SNAP Container Live Upgrade Algorithm

The goal is to shorten the downtime between each emulation function.

Downtime is the period when the controller is deleted in the source container until it is recreated in the destination container. The fact that each function can be linked to only one controller at a time across all containers on the DPU, mandates that the deletion and creation operations are performed serially.

The rest of the objects (i.e., subsystems, namespaces, and bdevs) do not have this limitation. Therefore, several instances can be opened for each object at the same time.

Notes:

  • If shared SNAP objects (subsystems and namespaces) and bdevs are used:

    • The simple approach is to create the objects in the destination container before running the algorithm, and to delete them in source container after running the algorithm

    • A more advanced solution is to create the objects in the destination container at first appearance and to delete them when they are no longer used in the source container

  • A hot-plugged PCIe function remains persistent through different SNAP containers, until it is either explicitly unplugged or the system goes through a cold reboot. Therefore, live upgrade for hotplug emulation functions is the same as physical emulation functions.

Live Upgrade Algorithm for Virtio-blk Emulation Functions

Iterate over the virtio-blk physical emulation functions (PF), for each PF:

  1. If the PF's controller is attached to a bdev, create in advance the same bdev in the destination container. This does not impact the source PF but shortens down time for the specific function.

  2. Destroy the PF's virtio-blk controller in the source container.
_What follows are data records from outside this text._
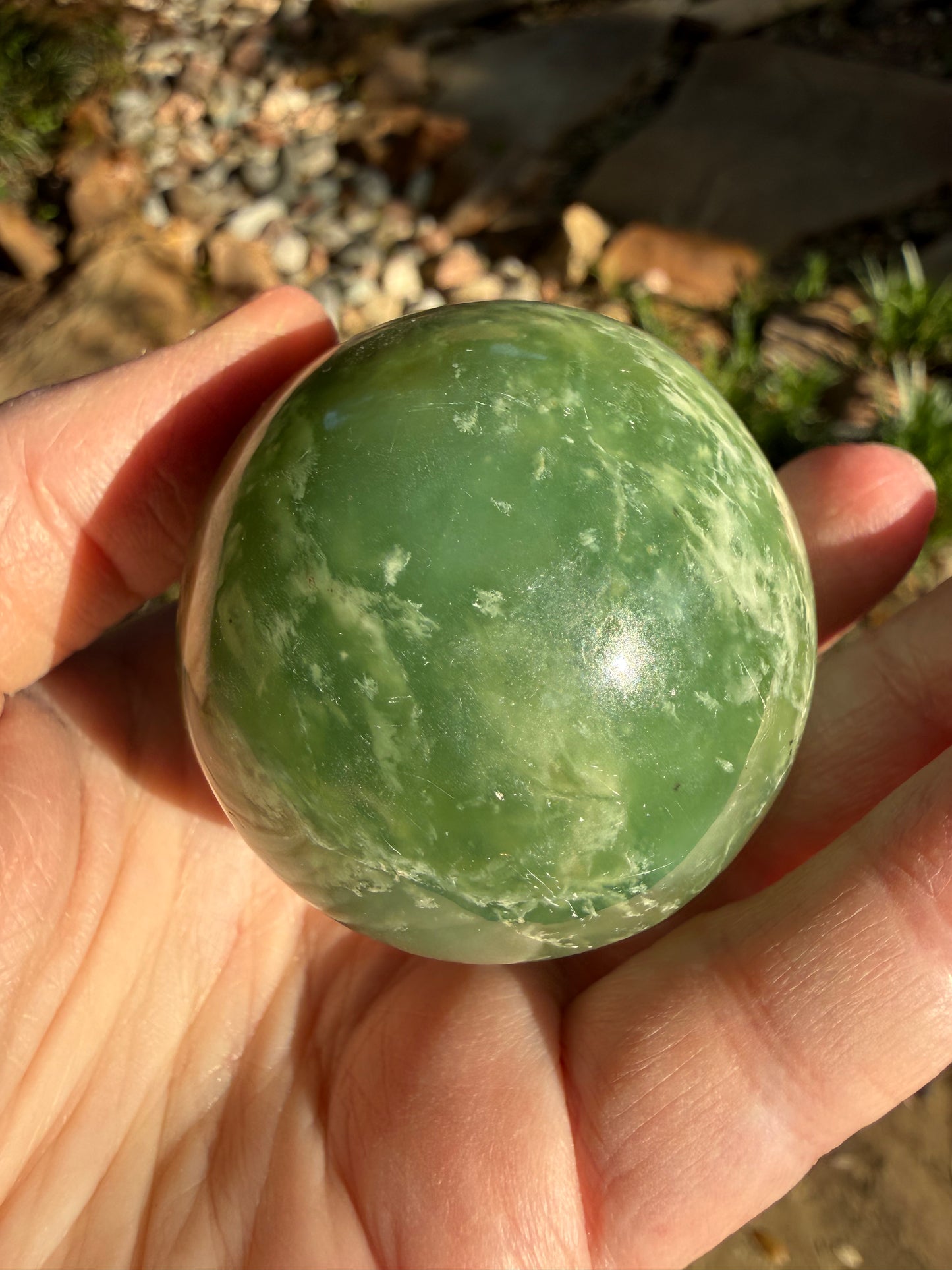 Large Grape Jade Egg, 2.75”, perfect quality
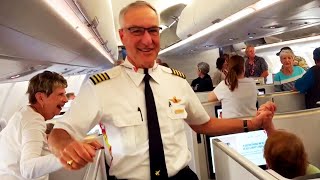 Delta Pilot Charters Plane to Hawaii for Retirement Party [upl. by Ylera]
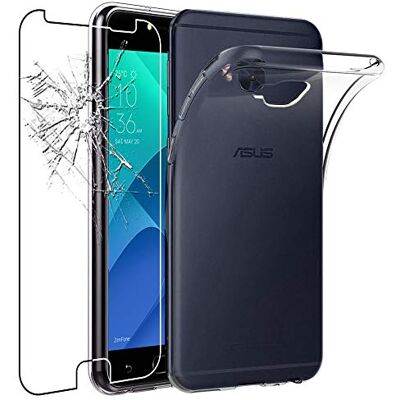 ebestStar Capa para ASUS Zenfone 4 Selfie Pro ZD552KL, capa de silicone transparente, camada protetora TPU anti-choques, slim ultra fino, transparente vidro temperado ebestStar Capa para ASUS Zenfone 4 Selfie Pro ZD552KL, capa de silicone transparente, camada protetora TPU anti-choques, slim ultra fino, transparente vidro temperado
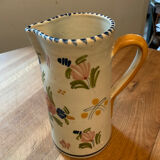 Ceramic carafe pitcher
  3. Create the same virtio-blk controller in the destination container. Once this step is complete, the down time of the function ends.

  4. Delete the bdev in the source container if one exists.
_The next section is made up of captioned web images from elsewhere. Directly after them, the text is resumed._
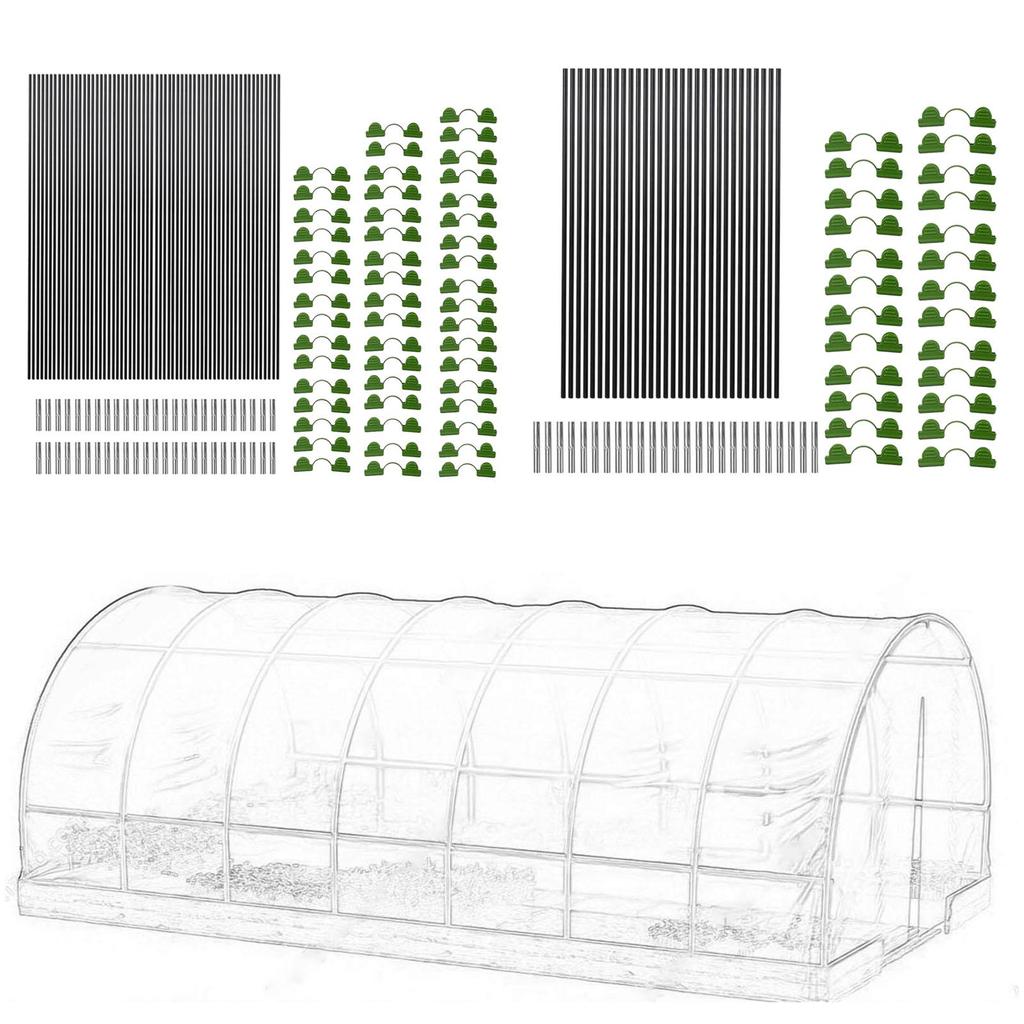 Cercuri de grădină pentru paturi înălțate Suport de jardinieră Cercuri pentru tunel de grădină pentru acoperire de rând pentru paturi de grădină Plase Acoperire de grădină pentru curte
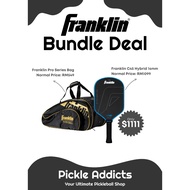 Franklin C45 Carbon Fiber Pickleball Paddle Blue 14mm together with a Franklin Pro Series Pickleball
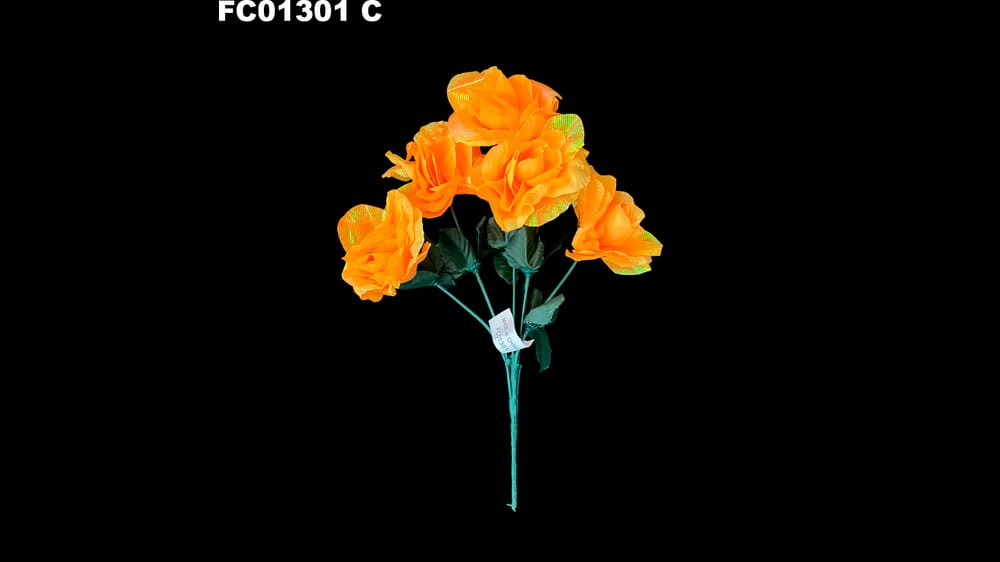 Ramito de rosa *5 con tornasol C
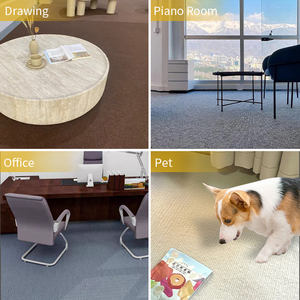 Tapis et Moquettes Jacquard Mur à Mur de Haute Qualité pour Maison, Chambre, Salle de Réunion, Hôtel, Bureau en Noir et Gris - Product Image 3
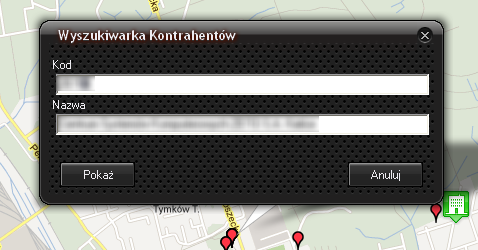 Poszczególnych kontrahentów lokalizować można za pomocą wyszukiwarki. Dostępne jest filtrowanie po nazwie i po akronimie. Rysunek 3.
  5. For each of the virtio-blk virtual emulation functions of the PFs, perform steps 1-4 but for VFs instead of PFs.

    Warning

    When performing step 2 for the virtio-blk emulation function of the VF, use the –f option with the virtio_blk_controller_destory command.

live-upgrade-algorithm-for-virtio-blk-emulation-functions.png


Live Upgrade Algorithm for NVMe Emulation Functions

Iterate over the NVMe physical emulation functions (PF), for each PF:

  1. Create in advance the subsystem, bdevs and namespaces (with the same uuid in the source container namespace) to be used by the PF's controller in destination container. This does not impact the source container or the source PF but shortens the down time for the specific function.
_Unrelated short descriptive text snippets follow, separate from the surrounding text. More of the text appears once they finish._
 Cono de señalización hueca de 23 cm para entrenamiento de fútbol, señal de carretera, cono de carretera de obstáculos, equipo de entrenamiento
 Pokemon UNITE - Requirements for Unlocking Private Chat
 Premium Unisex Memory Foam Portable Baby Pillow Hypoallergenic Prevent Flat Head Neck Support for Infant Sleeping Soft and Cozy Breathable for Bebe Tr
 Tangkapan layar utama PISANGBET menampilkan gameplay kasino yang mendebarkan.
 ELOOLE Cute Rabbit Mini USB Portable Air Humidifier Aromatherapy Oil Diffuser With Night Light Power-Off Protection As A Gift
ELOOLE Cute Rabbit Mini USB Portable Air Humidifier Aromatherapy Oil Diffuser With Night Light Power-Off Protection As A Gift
  2. Suspend the PF's NVMe controller in the source container then destroy it.

  3. Create the PF's NVMe controller in the destination container with the suspended flag and attach it to the namespaces and resume it. Once this step is complete, the down time of the function ends.

  4. Clean up the unused objects in source container.

  5. For each of the NVMe virtual emulation functions of the PFs, perform steps 1-4 but for VFs instead of PFs.

live-upgrade-algorithm-for-nvme-emulation-functions.png

Message Signaled Interrupts eXtended (MSIX) is an interrupt mechanism that allows devices to use multiple interrupt vectors, providing more efficient interrupt handling than traditional interrupt mechanisms such as shared interrupts. In Linux, MSIX is supported in the kernel and is commonly used for high-performance devices such as network adapters, storage controllers, and graphics cards. MSIX provides benefits such as reduced CPU utilization, improved device performance, and better scalability, making it a popular choice for modern hardware.

However, proper configuration and management of MSIX interrupts can be challenging and requires careful tuning to achieve optimal performance, especially in a multi-function environment as SR-IOV.

By default, BlueField distributes MSIX vectors evenly between all virtual PCI functions (VFs). This approach is not optimal as users may choose to attach VFs to different VMs, each with a different number of resources. Dynamic MSIX management allows the user to manually control of the number of MSIX vectors provided per each VF independently.

Warning

Configuration and behavior are similar for all emulation types, and specifically NVMe and virtio-blk.

Dynamic MSIX management is built from several configuration steps:

  1. PF controller must be opened with dynamic MSIX management enabled.

  2. At this point, and in any other time in the future when no VF controllers are opened (sriov_numvfs=0), all PF-related MSIX vectors can be reclaimed from the VFs to the PF's free MSIX pool.

  3. User must take some of the MSIX from the free pool and give them to a certain VF during VF controller creation.

  4. When destroying a VF controller, the user may choose to release its MSIX back to the pool.

Once configured, the MSIX link to the VFs remains persistent and may change only in the following scenarios:

  • User explicitly requests to return VF MSIXs back to the pool during controller destruction.

  • PF explicitly reclaims all VF MSIXs back to the pool.

  • Arm reboot (FE reset/cold boot) has occurred.

To emphasize, the following scenarios do not change MSIX configuration:

  • Application restart/crash.

  • Closing and reopening PF/VFs without dynamic MSIX support.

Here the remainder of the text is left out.